I want to find the equations of motion of two masses [itex]m_1[/itex] and [itex]m_2[/itex] attached to each other by a spring on a smooth surface assuming [itex]m_2[/itex] is given an instantaneous velocity [itex]v_0[/itex] at time zero. Call the unstretched length of the spring [itex]l[/itex].

2. Relevant equations

I want to solve this using purely Newtonian methods.

3. The attempt at a solution

The position of [itex]m_1[/itex] in the center of mass frame is given by:

[tex] r_{1_{CM}} = r_1 - R_{CM} = \frac {m_2 (r_1 - r_2)}{m_1+m_2} [/tex]

Likewise, the position of [itex]m_2[/itex] in the CM frame is:

[tex] r_{2_{CM}} = r_2 - R_{CM} = \frac {m_1 (r_2 - r_1)}{m_1+m_2} [/tex]

I can write down Newton's equations for each mass using for Hooke's law [itex]r_{2_{CM}} - r_{1_{CM}} - l[/itex] as the displacement of the length of the spring from its equilibrium position.

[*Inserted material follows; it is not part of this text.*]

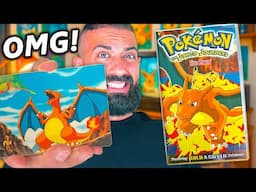 I Pulled The Rarest Charizard You've Never Seen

At this point, I get two differential equations that I do not know how to solve. (Not SHM.) Can anybody help me?

Thanks.

mathfeel

The equation become SHM in the COM frame. In your notation, just make the substitution: [itex]r_{1CM} = - r_{2CM}[/itex]

MichalXC

Is that substitution justifiable even though the two masses are unequal? Certainly the distance from the center of mass to [itex]m_1[/itex] need not equal the distance from the center of mass to [itex]m_2[/itex]...

vela

What are the differential equations you get?

MichalXC

The force on mass one will be:

[tex] F_1 = m_1 r''_{1_{CM}} = - k (r_{2_{CM}} - r_{1_{CM}} - l) [/tex]

And on mass two:

[tex] F_2 = m_2 r''_{2_{CM}} = + k (r_{2_{CM}} - r_{1_{CM}} - l) [/tex]

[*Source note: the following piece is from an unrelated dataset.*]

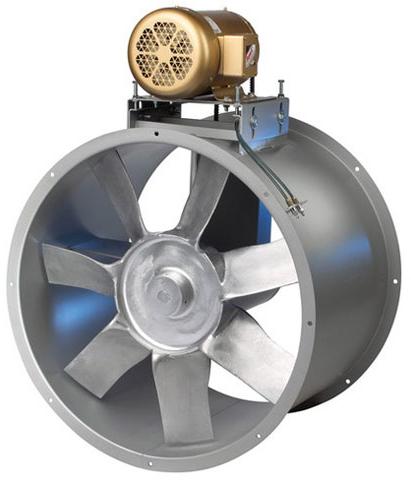 V Belt Driven Axial Flow Fan, For Industrial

(Please correct me if this is wrong!)

vela

Two possible approaches:

1. You should be able to get an equation of the form
[tex]\frac{m_1m_2}{m_1+m_2} \ddot{r} = -kr[/tex]with an appropriate definition of r.

2. You could write your equations as single matrix equation and then diagonalize the matrix. That'll decouple the equations for you.

I know the first approach is definitely doable because it's a standard result in classical mechanics. The second one might work. I haven't worked it out, so there could be complications I'm not aware of.